Christine Dawood still keeps the Lego Titanic her son Suleman spent almost two weeks building in the Surrey home she shares with her 20-year-old daughter. The model is 1.5 metres long and made of 9,090 bricks, and Dawood said people are often surprised to see it in the kitchen where it sits.
“What was I going to do? Break it up? Hide it away? Suleman put all those hours in,” she said. “People are always a bit shocked to see it.” The model has become one of the clearest reminders of the 19-year-old who died on 18 June 2023, when the Titan submersible imploded 500 metres above the wreck of the Titanic, killing him, his 48-year-old father Shahzada Dawood and three other men.
Suleman’s obsession with the Titanic began years earlier, when the family lived in Singapore and he visited a huge exhibition about the liner. “He’d been fascinated with the Titanic since we went to a huge exhibition when we lived in Singapore,” Dawood said.
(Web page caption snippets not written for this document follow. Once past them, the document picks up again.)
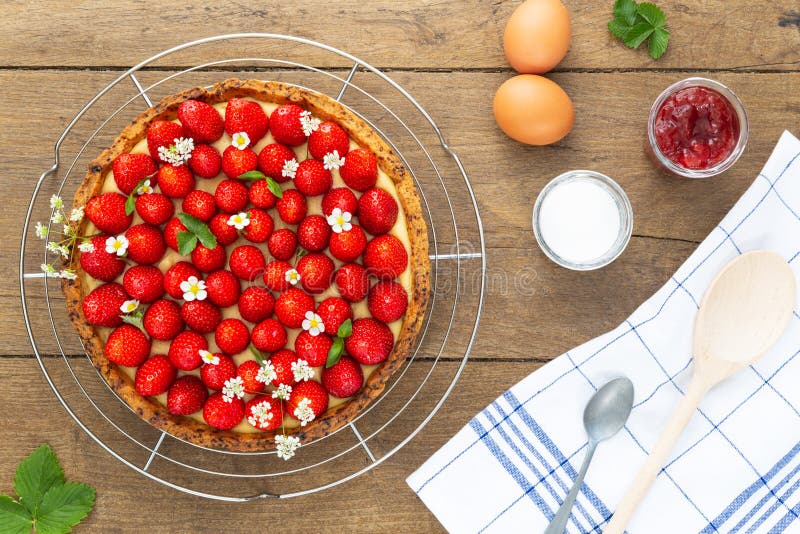 French strawberry tart with wild strawberry leaves and flowers on top on a stainless cooling rack, eggs jam and spoons on wood royalty free stock photos French strawberry tart with wild strawberry leaves and flowers on top on a stainless cooling rack, eggs jam and spoons on wood royalty free stock photos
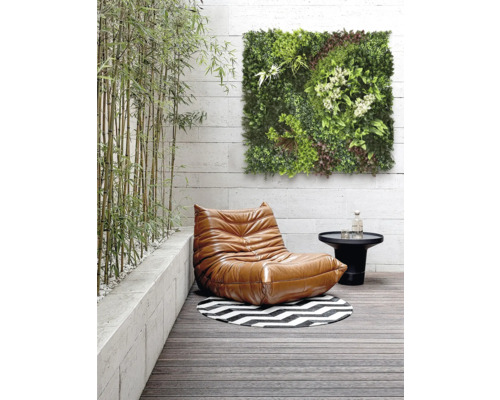 Scenă cu un fotoliu, o masă, un covor rotund și un panou de perete verde pe o terasă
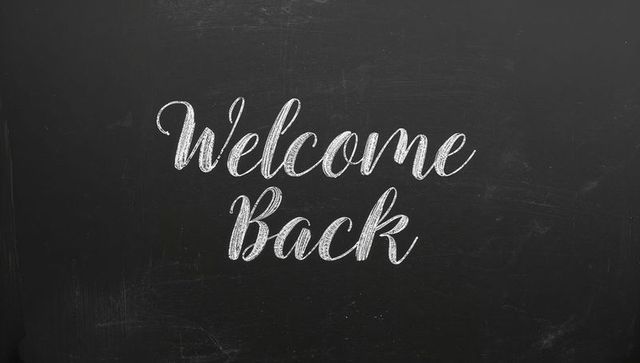 Welcome back chalkboard message in classroom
That interest lingered until the summer he boarded Titan for the dive that would cost him his life.
The disaster drew global attention because the submersible vanished during an expedition to the Titanic, and reports at the time said it had about four days of oxygen. Dawood said she was trapped on the ship waiting for signs that Titan would surface, while word spread that she had been meant to go herself but gave her ticket to her son. “The Titanic was claiming another five people, right?” she said. “And the age of my son was a huge thing. If it had been five grown men, it might not have been as juicy.”
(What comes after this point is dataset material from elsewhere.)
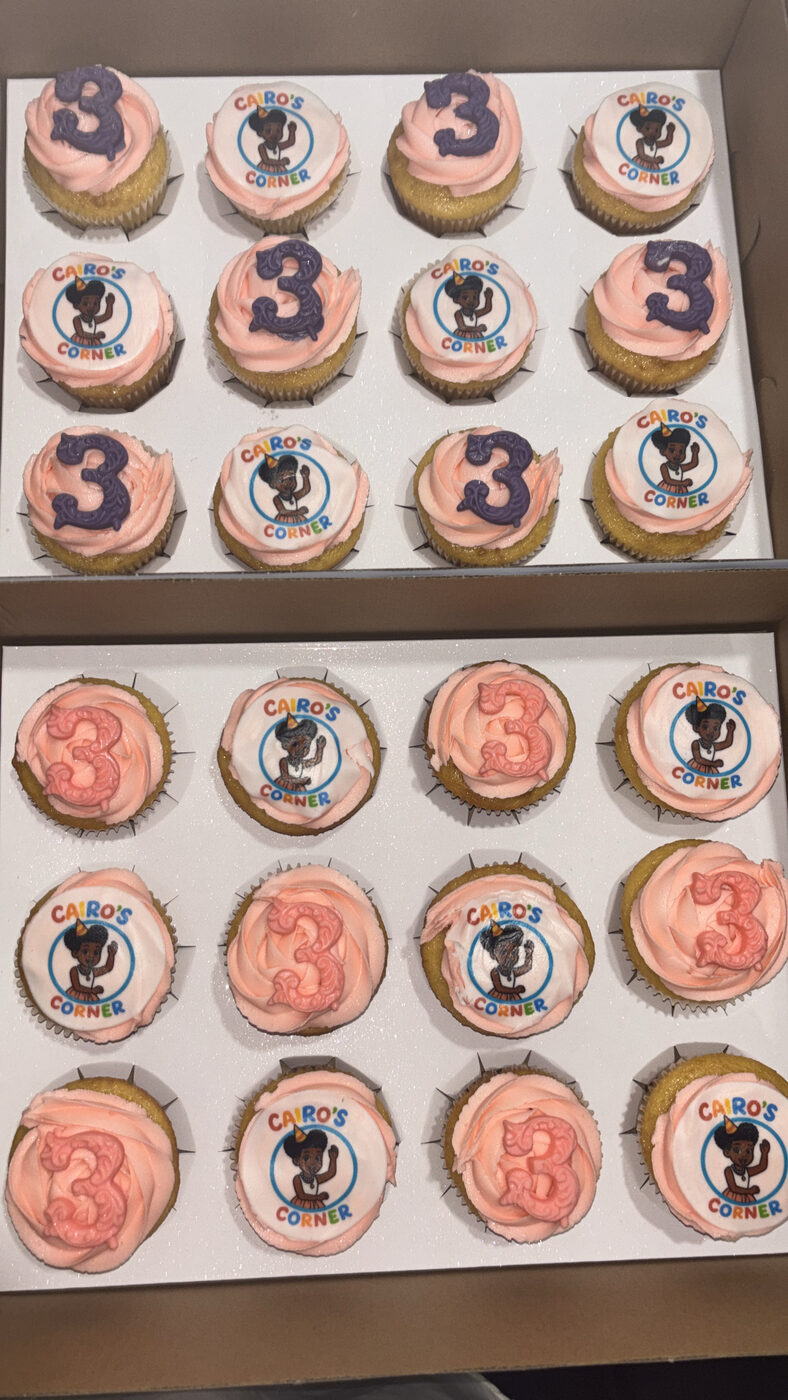 Custom themed birthday cupcakes with pink frosting and gold accents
That detail has shadowed the story ever since, but Dawood said the family’s grief has never fit the way the disaster was discussed in public. She said she has remained extremely close to her in-laws, and she does not want her daughter defined by the tragedy. “I don’t want her to be known as that girl who lost her father and brother on the Titan,” she said. “She’s just starting her life and I prefer to leave her out.”
Almost three years after the implosion, Dawood has spoken in detail for the first time and written a book about what happened. She said the advice that stayed with her came from a Canadian Coast Guard officer after the search was over: “Hindsight won’t help you, so don’t fall into that trap. Just because you know it now … you didn’t know it before.” For Dawood, the Lego Titanic is not a relic of the disaster so much as the proof that Suleman was still there long after the sea took him.